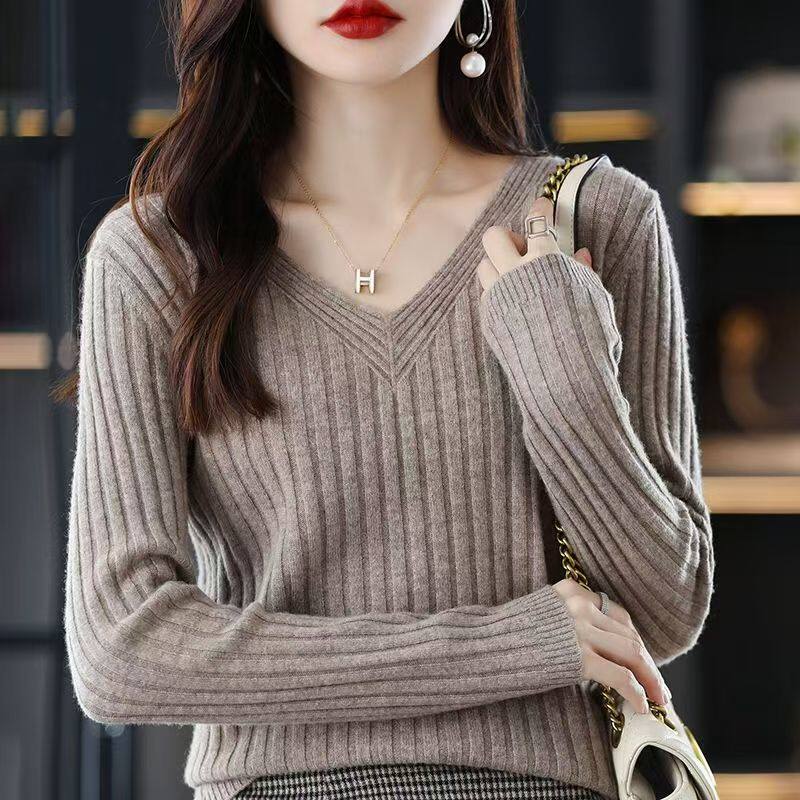 长袖针织打底衫女V领毛衣套头保暖内搭毛衫百搭二八月穿打底衫,淘宝优惠券,粉丝福利购,淘宝优惠卷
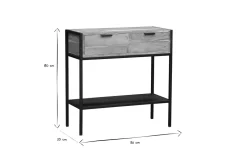 Shop Miliboo Consola en acacia y metal negro 2 cajones ARTHUS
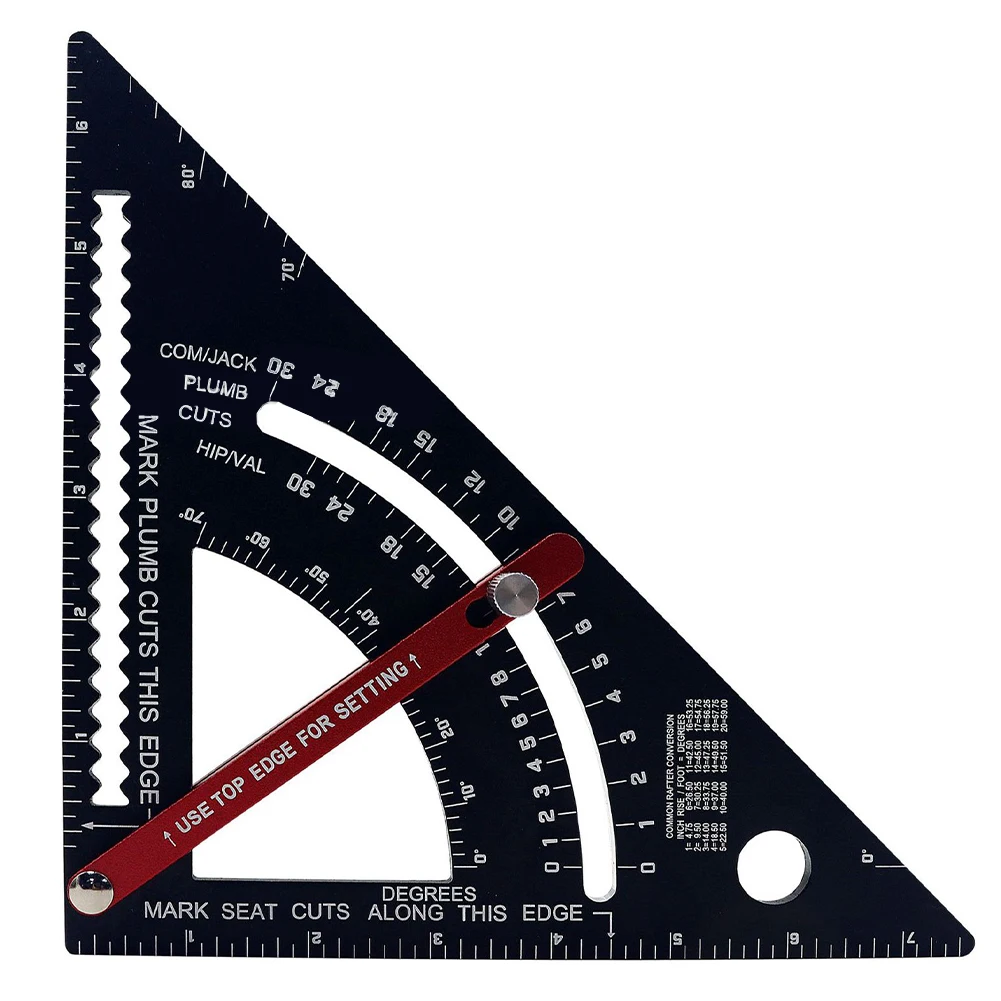 1set Woodworking Triangle Ruler Adjustable Set Square Scriber Metric Inch Method 194*194*272MM Measurement Analysis Instrument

## About this exercise:
Output all the material exactly. The pictures are to be left out.

## Reply to the exercise:
 长袖针织打底衫女V领毛衣套头保暖内搭毛衫百搭二八月穿打底衫,淘宝优惠券,粉丝福利购,淘宝优惠卷
 Shop Miliboo Consola en acacia y metal negro 2 cajones ARTHUS
 1set Woodworking Triangle Ruler Adjustable Set Square Scriber Metric Inch Method 194*194*272MM Measurement Analysis Instrument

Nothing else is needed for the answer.